The fundamental difficulty associated with stellar occultations by TNOs is predicting them. The diameters of most TNOs are smaller than 50 milliarcseconds (mas) on the sky. This means that absolute astrometric accuracies of at least 50 mas on both the star position and the TNO ephemeris must be achieved to provide reasonable chances of detection. The most straightfoward approach to select possible occultations is by using the star positions listed in an astrometric catalogue, then carry out follow-up observations to improve the star position and pin down the shadow path after applying corrections to the TNO ephemeris.

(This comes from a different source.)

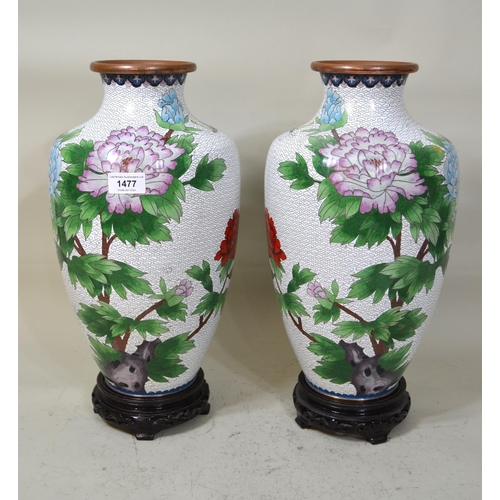 1477 - Pair of 20th Century cloisonne bird and floral baluster form vases on white ground, 39cm high, on ha...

This paper is a continuation of the work presented by Assafin et al. (2010, 2012), to which we add occultation predictions and astrometric catalogues with the stellar contents from the sky paths of 5 Centaurs and 34 TNOs – for brevity, we refer to them simply as TNOs throughout. In Sect. 2, we present the observational design of this work and the observations themselves. In Sect. 3, we present the data reduction. Section 4 contains results and the respective analysis. In Sect. 5, we discuss the correction to the ephemerides. Section 6 presents the procedure for predicting the occultations. Comments and conclusions are given in Sect. 7. Throughout this paper, the notation α ∗ stands for α·cosδ.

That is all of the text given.